A triphenylamine-based Pt(ii) metallacage via coordination-driven self-assembly for nonlinear optical power limiting

Abstract

The past several decades have witnessed the rapid development of high-intensity and ultrashort pulse lasers, and the risk of accidental damage to optical detection systems has increased commensurately. Thus, various optical limiting mechanisms and materials have been proposed. Here, we demonstrate a 3D metallacage that was designed and synthesized via the coordination-driven self-assembly of triphenylamine cores and complementary Pt(II)-based components.
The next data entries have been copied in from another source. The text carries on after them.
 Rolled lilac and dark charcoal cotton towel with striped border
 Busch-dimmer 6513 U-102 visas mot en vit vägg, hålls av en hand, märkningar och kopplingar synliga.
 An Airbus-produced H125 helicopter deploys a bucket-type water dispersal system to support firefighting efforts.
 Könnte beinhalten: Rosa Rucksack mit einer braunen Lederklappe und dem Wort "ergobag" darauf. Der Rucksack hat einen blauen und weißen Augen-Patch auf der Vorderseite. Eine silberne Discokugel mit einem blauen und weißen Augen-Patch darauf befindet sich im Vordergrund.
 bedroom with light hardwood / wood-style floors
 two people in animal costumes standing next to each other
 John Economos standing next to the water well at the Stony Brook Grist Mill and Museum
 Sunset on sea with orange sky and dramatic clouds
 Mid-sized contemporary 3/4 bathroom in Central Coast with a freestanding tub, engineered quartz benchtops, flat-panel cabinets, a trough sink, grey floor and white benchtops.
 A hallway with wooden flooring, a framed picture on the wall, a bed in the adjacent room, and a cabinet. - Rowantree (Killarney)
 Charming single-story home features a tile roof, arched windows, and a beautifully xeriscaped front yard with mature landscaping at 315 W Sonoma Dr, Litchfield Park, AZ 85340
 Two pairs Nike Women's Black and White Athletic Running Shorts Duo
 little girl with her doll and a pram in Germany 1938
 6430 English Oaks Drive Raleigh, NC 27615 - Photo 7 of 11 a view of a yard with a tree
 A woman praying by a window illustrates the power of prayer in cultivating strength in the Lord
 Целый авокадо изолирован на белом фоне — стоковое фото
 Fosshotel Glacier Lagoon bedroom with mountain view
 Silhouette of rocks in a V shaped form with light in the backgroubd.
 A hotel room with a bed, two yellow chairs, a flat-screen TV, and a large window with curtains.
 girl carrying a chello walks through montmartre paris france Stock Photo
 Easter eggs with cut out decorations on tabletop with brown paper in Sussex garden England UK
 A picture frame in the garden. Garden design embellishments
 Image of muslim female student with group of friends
The novel metallacage was fully characterized by NMR and ESI-TOF-MS, and its structure was determined by a single crystal X-ray diffraction study. The metallacage showed bright orange luminescence and a large two-photon absorption cross-section of 2010 GM at 750 nm that was about 2.4-fold that of the ligand. The enhanced multiphoton-excited photoluminescence (MEPL) of the metallacage compared with that of its organic ligand is attributed to the coordination facilitated aromatic π-extension and rigidifying effects in the metallacage. Furthermore, the metallacage solution presented the transmittance reduction effect which was nonlinearly dependent on the input energy intensity, making it a potential candidate for the construction of future optical power limiting (OPL) devices.